Here was a shy, understated incrementalist suddenly becoming the Great Dissenter. In Shelby County v. Holder, she said that relieving errant states of the close scrutiny of the Voting Rights Act was like “throwing away your umbrella in a rainstorm because you are not getting wet.” In Hobby Lobby, she was aghast that the court would deny costly contraception coverage to working women “because of someone else’s religious beliefs.” In the Ledbetter v. Goodyear Tire & Rubber equal pay case, she asked how her brethren could penalize the plaintiff, who only got evidence of the disparity from an anonymous note, for missing a 180-day filing deadline given that salaries are kept secret. One person whose eyes were opened was Barack Obama. His first piece of legislation in 2009 was the Lilly Ledbetter Fair Pay Act.
Tumblr media
Karsten Moran—ReduxA woman attending the New York City Women’s March wears a t-shirt ​featuring Supreme Court Justic​e Ruth Bader Ginsburg on Jan. 20, 2018.
Becoming the Notorious RBG
Ginsburg’s womansplaining caught the attention of New York University law student Shana Knizhnik, who uploaded Ginsburg’s dissents to Tumblr. Overnight, a younger generation of women, and their mothers and grandmothers, were reminded of what Ginsburg had done for them. Knizhnik joined with reporter Irin Carmon to write Notorious RBG: The Life and Times of Ruth Bader Ginsburg.

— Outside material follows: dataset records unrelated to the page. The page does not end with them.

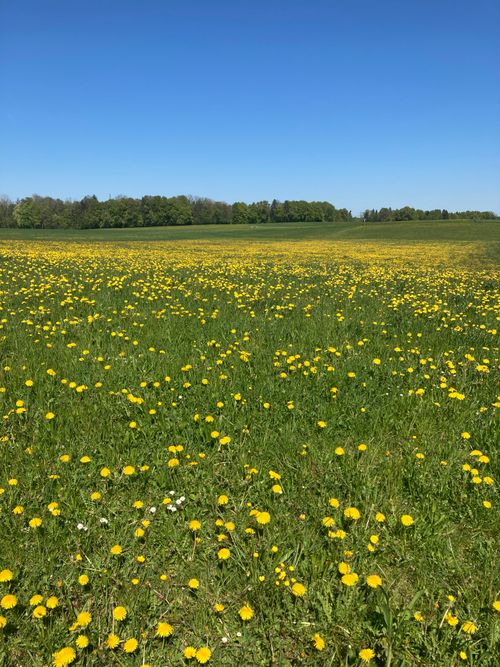 Free A sprawling field of yellow dandelions blooms beneath a clear blue sky in springtime. Stock Photo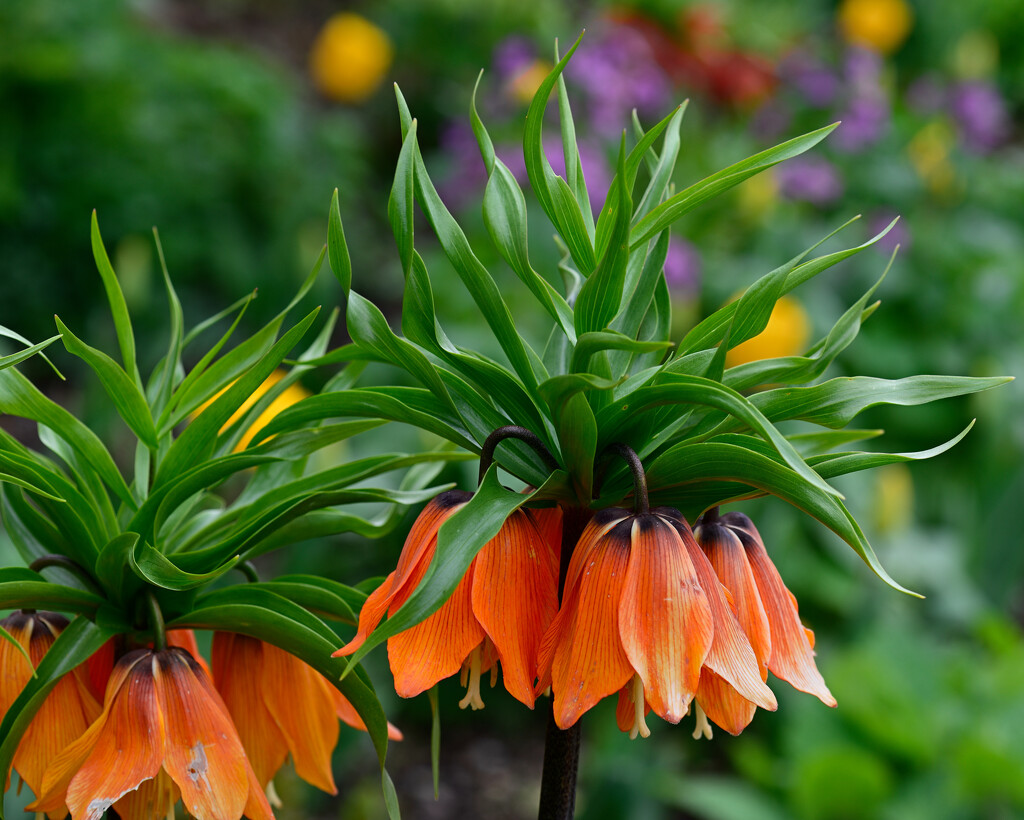 Crown Imperial by whdarcyblueyondercouk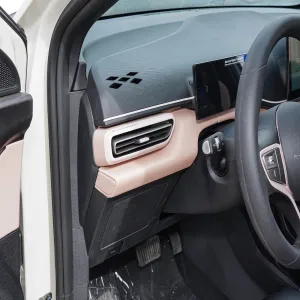 BYD Seagull 2025 إصدار القيادة الذكية 305 كم نموذج الحيوية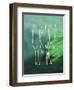 Grow with Me-Leah Flores-Framed Premium Giclee Print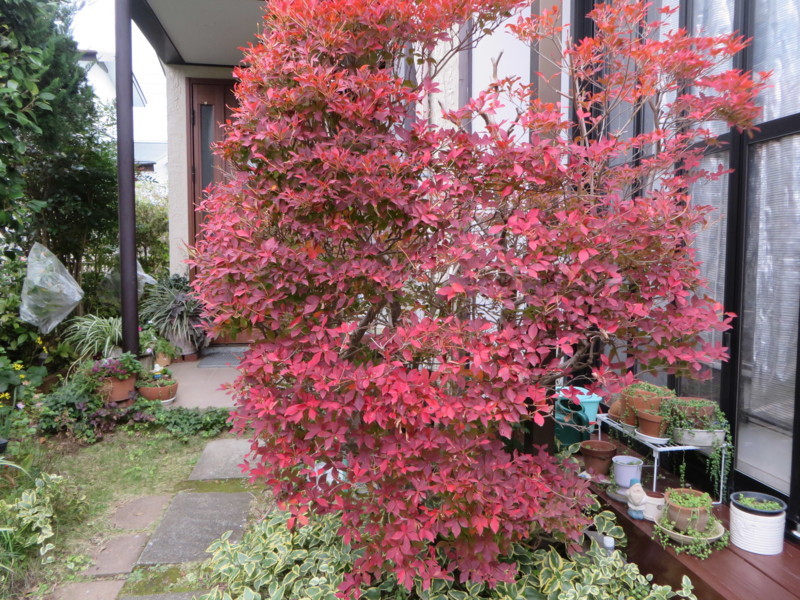 f:id:sasameyuki47:20171120103157j:image:w360 f:id:sasameyuki47:20171120103157j:image:w360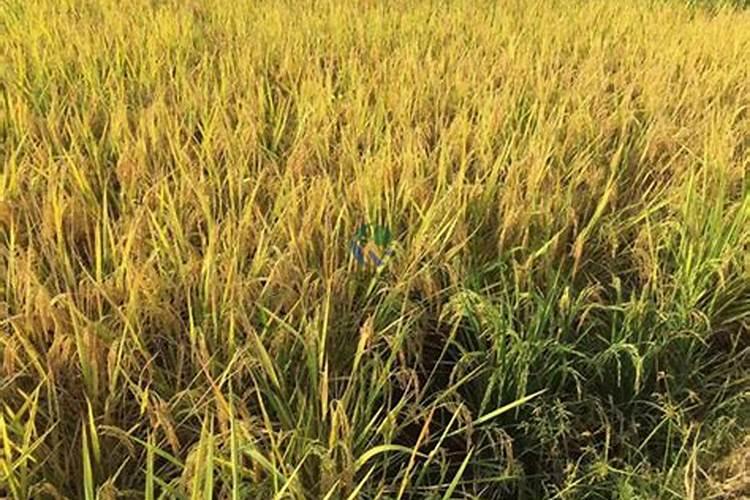 西红柿着色用什么肥料好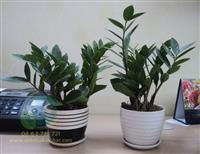 Những vị trí phù hợp để đặt chậu cây kim tiền trong văn phòng 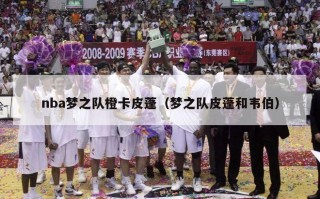 nba梦之队橙卡皮蓬（梦之队皮蓬和韦伯）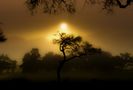 African lights- by roby burchi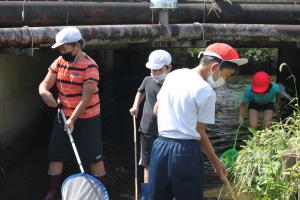 生き物調べの様子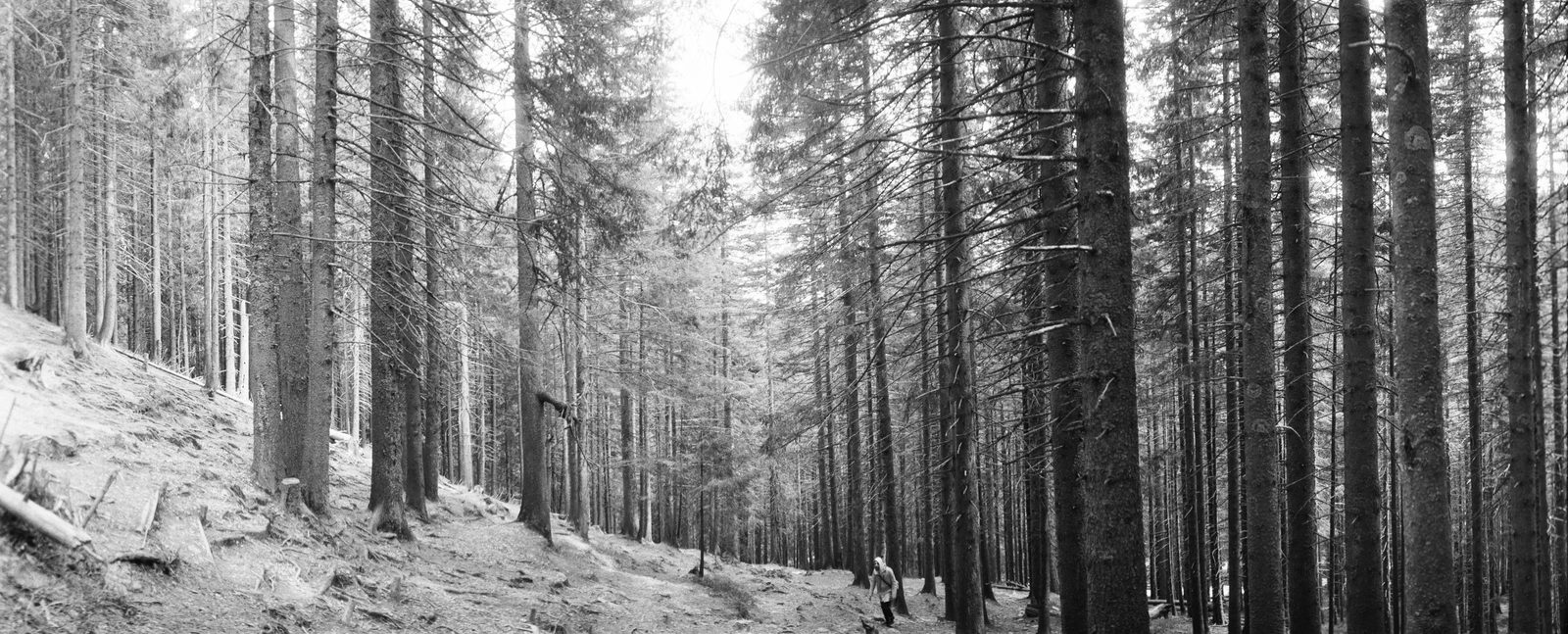 Photograph 2 from the Carpathians `21 series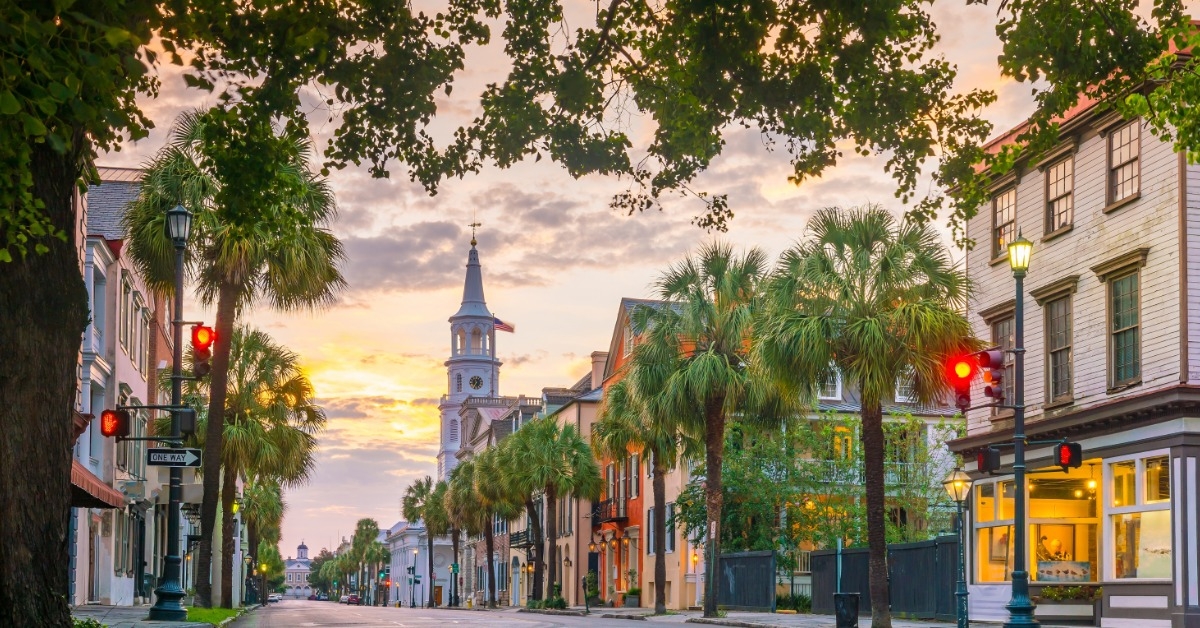 palm trees and lights in charleston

The justice was soon a recurring character on Saturday Night Live, with a hyperkinetic Kate McKinnon issuing blistering “Ginsburns.” The justice’s 2016 memoir, My Own Words, was a New York Times bestseller. There were more books — adult, children’s and coloring. In 2018, Hollywood released a major motion picture, On the Basis of Sex, and the documentary RBG, which won an Emmy. Store shelves groan with merch: mugs (you Bader believe it), onesies (The Ruth will set you free), tote bags, bobblehead dolls, and action figures, one of the latest from her cameo in Lego Movie 2, produced by none other than Trump Administration Treasury Secretary Steve Mnuchin.
All this late-arriving fame rested uneasily on the shoulders of Ginsburg, who accepted it with dignity and took some pleasure at grandchildren’s shock that “so many people want to take my picture.” She kept a large supply of Notorious RBG T-shirts as a party favor for visitors.

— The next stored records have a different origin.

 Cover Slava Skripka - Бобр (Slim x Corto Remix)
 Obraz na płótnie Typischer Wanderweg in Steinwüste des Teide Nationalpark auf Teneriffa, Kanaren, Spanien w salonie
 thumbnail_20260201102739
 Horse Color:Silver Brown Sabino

At the heart of Hollywood’s treatment of Ginsburg wasn’t only the case Marty and his wife worked on together—an appeal of an IRS ruling—but a marriage of extraordinary compatibility and mutual support. After he recovered from cancer and had become a sought-after lawyer, he eagerly took on his share of domestic duties, which included feeding the children since, according to former Solicitor General Ted Olson, “Ruth wanted nothing whatsoever to do with the kitchen.” Marty was the fun parent (Ginsburg joked at her confirmation hearing that the children kept a log called “Mommy Laughed”) and a big-hearted host who happily roasted “Bambi,” Ruth’s name for whatever Scalia, her opera buddy, bagged on his last hunting trip. The pair were the subject of an actual comic opera, Scalia/Ginsburg, in which one scene depicts the over-emoting Scalia, locked in a dark room for excessive dissenting, and Ginsburg descending through a glass ceiling to rescue him.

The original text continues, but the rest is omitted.